Nel libro XX dell’Odissea (vv. 382-383) si legge: … τοὺς ξείνους ἐν νηῒ πολυκλήϊδι βαλόντες / ἐς Σικελοὺς πέμψωμεν, ὅθεν κὲ τοι ἄξιον ἄλφοι. ‘’…gettiamo gli stranieri sulla nave piena di scalmi/e li spediremo ai Siculi, da cui trarresti adeguado guadagno’’. Questo è quanto uno dei Proci (‘’pretendenti’’) grida a Telemaco affinché spedisse l’indovino Teoclimeno assieme a quel cencioso mendicante, che poi era se non Ulisse sotto mentite spoglie, dopo aver predetto le sciagure che si sarebbero abbattute sugli stessi Proci.

Nello stesso tessuto narrativo compare anche la vecchia serva di Laerte, l’anziano padre di Ulisse, citata con il nome Σικελή (libro XXIV, vv. 211, 366 e 389). Ed infatti trattasi né di praenomen né di nomen, ma soltanto di epiclesi avente funzione di qualificare la provenienza dell’anziana donna, proprio come nel caso del re Siculo giunto alla corte di Pandosia nella terra degli Enotri ed accolto dal re Morgete. Così come il re Σικελός era tale per essere il ”re dei Siculi”, o meglio il ”primo tra i Siculi”, l’anziana Σικελή era tale per essere un’appartenente all’ethnos dei Siculi. L’Odissea non argomenta sull’ubicazione di questi Siculi, né sull’esatta provenienza dell’anziana donna.
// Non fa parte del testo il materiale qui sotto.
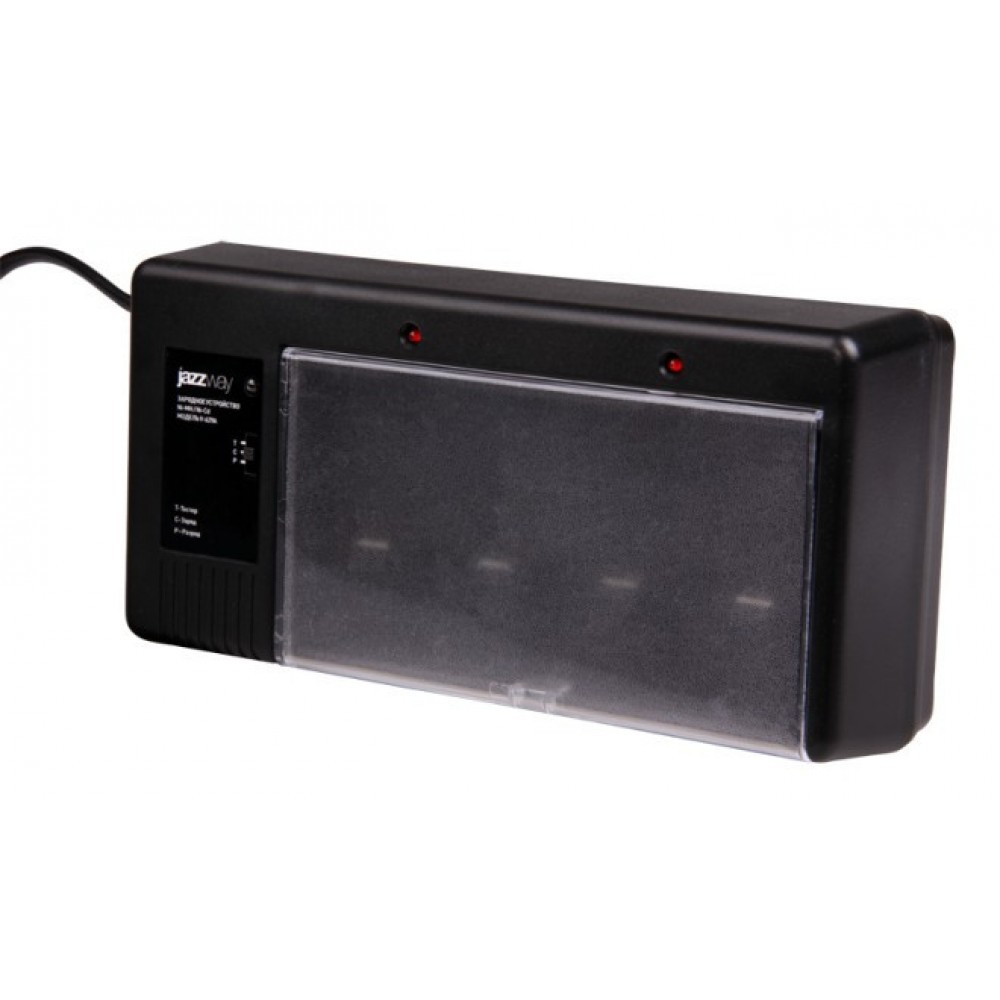 Зарядное сетевое для батарей AA/AAA JazzWay V-629A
Dopo la distruzione di Ilio / Troia, nel 1184-3 a.C., i Siculi avevano già effettuato la prima migrazione dalla penisola italiana alla Sicilia, e vi erano ancora altri Siculi nella stessa penisola, così come vi erano altri Siculi nella penisola balcanica e proprio molto vicino ad Itaca. I Siculi balcanici erano dunque molto più vicini e noti agli Itacesi ed ai Proci rispetto ai Siculi presenti in Sicilia e nella penisola italiana. Non a caso, gli idronimi della Sicilia orientale citati nel poema sono proprio quelli ‘’vecchi’’, quelli sicani (con forma radicale alb– ‘’puro / bianco’’ e per estensione semantica ‘’fiume’’), e non quelli ‘’nuovi’’, ovvero quelli siculi (con forma radicale assu– / assy– / assi– ‘’origine / bocca / fonte’’ e per estensione ‘’sivinità’’ e ‘’fiume’’), e la stessa area isolana è Sikanìa, non Sikelìa.